In October, 1964, in response to an advertisement in the Los Angeles Times stating that the advertiser would pay immediate cash to heirs, appellant was put in contact with Mr. Harry Sanger. At that time, appellant signed documents conveying to Mr. Sanger his remainder interest in the Ivie estate to the extent of $300,000 in exchange for a cash payment of $26,000. Sanger promptly disposed of the interest he acquired, to a number of people named as defendants here. Sanger died in January, 1967. In March, 1968 appellant's mother died. Shortly thereafter the action to secure rescission of the transfer of the remainder was filed on the grounds that it had been procured by undue influence and fraud. Judge Cannella did not find it necessary to reach the merits of appellant's claim since he concluded that the delay of four years between the agreement and the filing of the action was unjustified and prejudicial to defendants, and the action was therefore barred under the doctrine of laches.

Judge Cannella had no difficulty in the present case in finding the required prejudice:

One need look no further than at the number of defendants to recognize the proliferation of partial interests in the trust stemming from plaintiff's assignments to Sanger. The assumption is that some, if not all, the assignees relied on the validity of the original two assignments.

The parties disagree on whether California or New York law applies and Judge Cannella did not resolve the issue, since he was of the opinion that the action was barred by laches under the law of either state.
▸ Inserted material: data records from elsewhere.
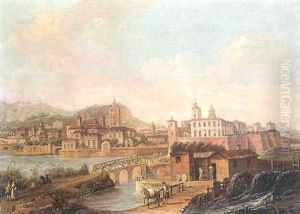 Vue Fantaisiste D'une Ville Italienne Au Bord D'une Riviere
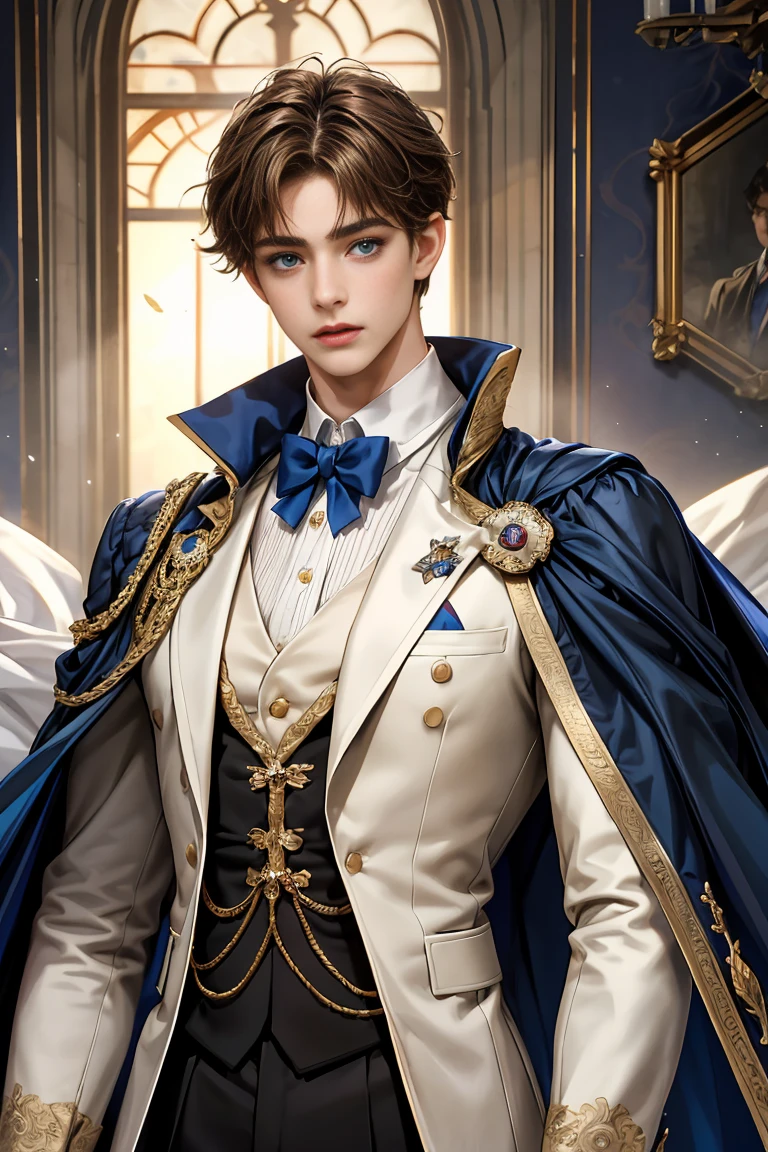 masterpiece, 最high quality, high quality, 1 boy, alone, Male focus, Watching the audience, Messy brown hair, Adorable big blue eyes, White, Noble, Noble, Beautiful tailcoat、A very voluminous, large, very large, very large, long, long red and black cape with a high stand-up collar, made of a lot of fabric that reaches down to the floor., 17 years old,Cute beautiful boys,Cute, cute, kind, handsome guy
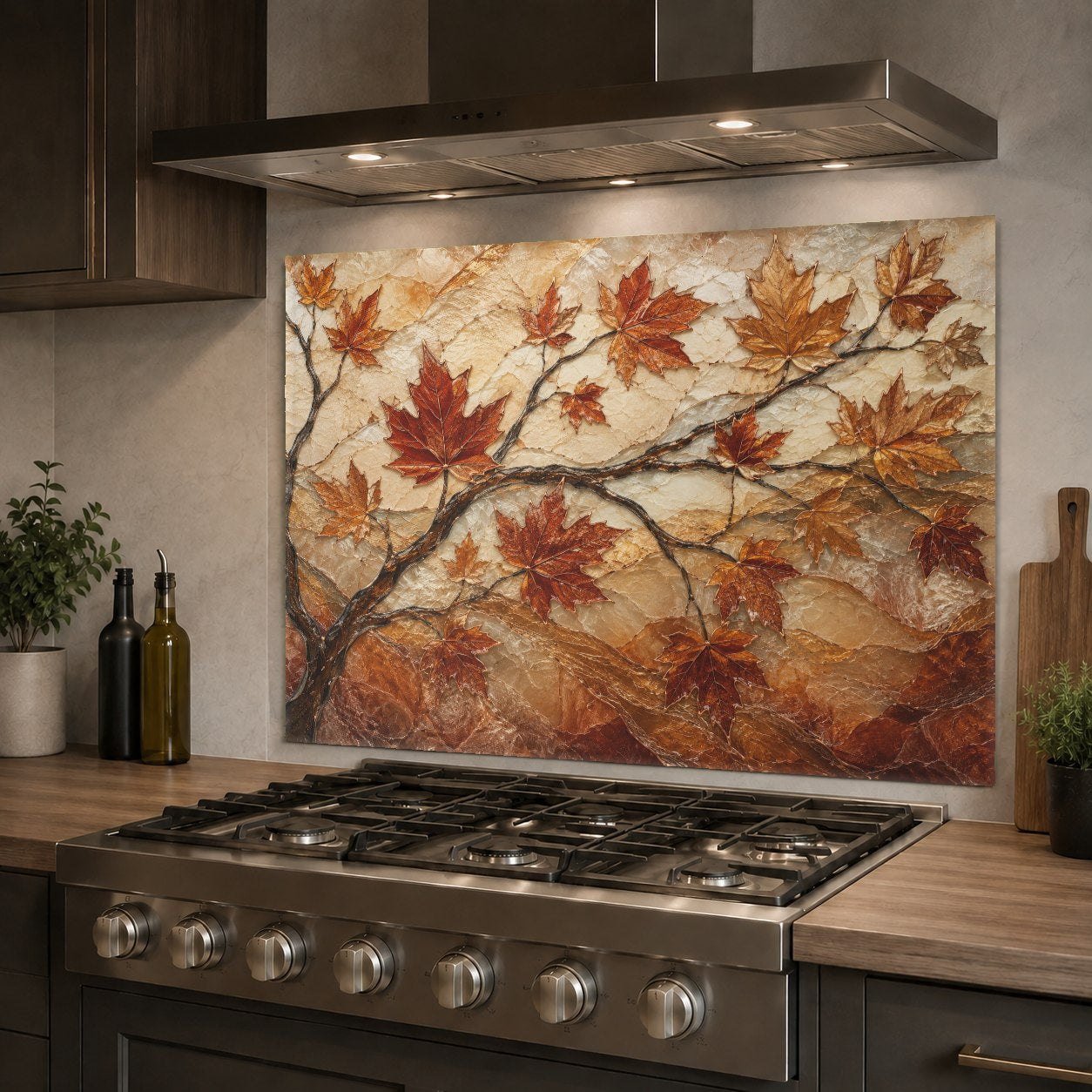 Stunning autumn-themed tempered glass stove splash guard in a cozy country kitchen with wooden cabinets.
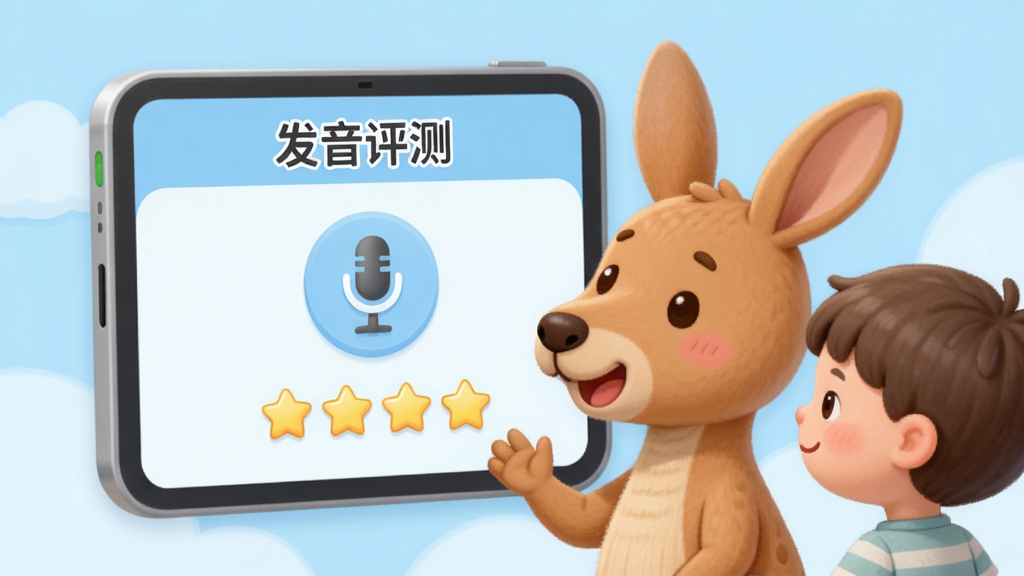 袋鼠AI识字应用界面,一只可爱袋鼠正在聆听孩子发音,屏幕上显示“发音评测”界面,带有麦克风图标和星星评分,背景为浅蓝色卡通风格,布局简洁明快,画质细腻柔和,干净无多余元素。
In this he may well turn out ultimately to be correct, but we cannot say with confidence from this record that there is no genuine issue as to any material fact bearing on the issue of laches under the law of either state.

For instance, the finding of substantial prejudice is based solely on the number of assignees of interests in the venture. We do not know from the record what their contributions were, what would be necessary to make them whole, what knowledge they had of Kropff's condition, or indeed just what that condition was or how long it may have persisted, or his reasons for delay.

Whether Sanger's death was itself prejudicial to possible defense may well depend on the extent to which negotiations were carried on by agents and on their present availability.

In short, we feel that there is a genuine issue as to laches which precludes summary judgment on that ground on the showing made.

Reversed and remanded.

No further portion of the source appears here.